The Vatican press office on Sunday said it would not comment about a report by the National Catholic Reporter, a liberal, U.S.-based publication, that the Vatican would not grant legal approval to the guidelines, adopted in June at a Dallas meeting of U.S. bishops.

Without Rome's approval, the bishops' policy amounts to a gentlemen's agreement, as opposed to being enshrined in church law and binding on all American dioceses.

The report Saturday was similar to a recent spate of other articles quoting unnamed sources as saying that the Holy See has several problems with the guidelines, especially those which deal with the protection of priests who have been falsely accused of sexually abusing minors.

Vatican officials, speaking on condition of anonymity, have said that the Holy See's response would come in October.

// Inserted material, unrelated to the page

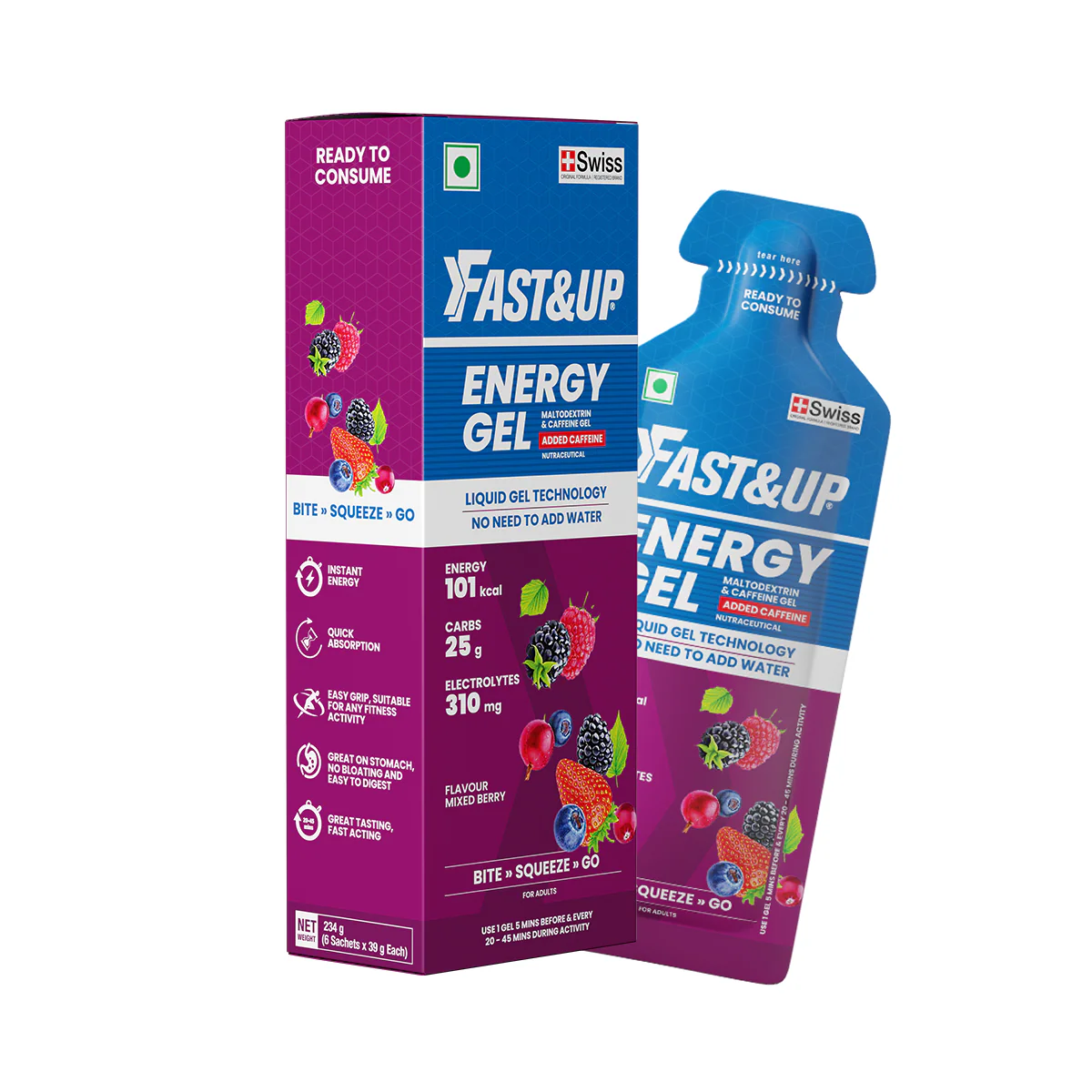 Energy Gel - Caffeinated - Mixed Berry - Image 2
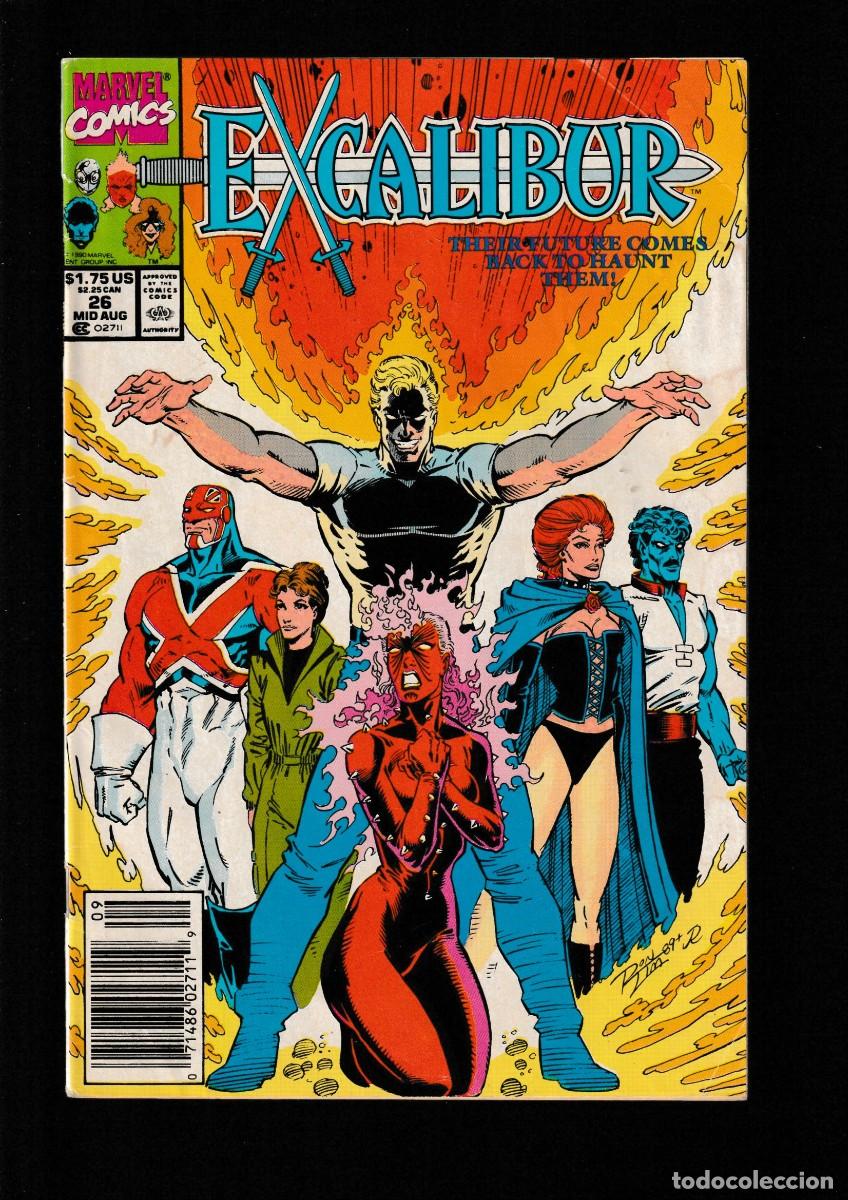 C&oacute;mics: EXCALIBUR 26 - MARVEL 1990 FN/VFN - Foto 1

"The Vatican will release its response soon," spokesman Joaquin Navarro-Valls said.

"I can't say in which direction it (the response) is heading" before the Vatican's study of the norms is wrapped up, he said.

In preparing the response, the Vatican has been sounding out its own canon law experts and officials from several Vatican congregations dealing with bishops, clergy and matters of doctrinal orthodoxy.

Some of those officials were away from the Vatican on vacation over the summer, and before recent weeks, couldn't all sit down together to consult over the matter.

After months of scandals revealing that, over the past decades, many U.S. priests who were accused of sexual abuse were moved from parish to parish, the American bishops came up with a policy to keep molesters away from parishioners.

But some at the Vatican are concerned that bishops, eager to show their flock that they are vigilant, will take innocent priests away from parish work.

And there is also worry that U.S. churchmen might act hastily in handling cases of accusations.

The Vatican also has its own tribunals, with specific and often slow-moving procedures.

In an indication of Vatican thinking, shortly before the U.S. bishops met in Dallas, a Jesuit magazine, whose articles receive Rome's approval before publication, suggested that bishops should avoid telling their flock that their parish priest had sexually abused someone if the bishops believe the priest will not carry out further abuse.

The provisions which the U.S. bishops are seeking approval for include requiring bishops to report abuse of minors to civil authorities. The Vatican traditionally allows local bishops much autonomy in handling many matters in their diocese.

While the U.S. bishops' guidelines were aimed with coming up with an across-the-board approach in handling abuse scandals, the church in the United States is itself divided over policy.

Last month, the Conference of Major Superiors of Men, which represents religious orders to which about one-third of the priests in the United States belong, decided to allow most abusers to continue in church work, away from parishioners.

The U.S. bishops had agreed in June to remove all guilty priests from church work, and, in some instances, even from the priesthood itself.

William Ryan, a spokesman for the U.S. Conference of Catholic Bishops, said Sunday that the Vatican has not told the Bishops when they will reach a decision on the plan.

"We've heard only positive things" about the Vatican's response to the plan, he said.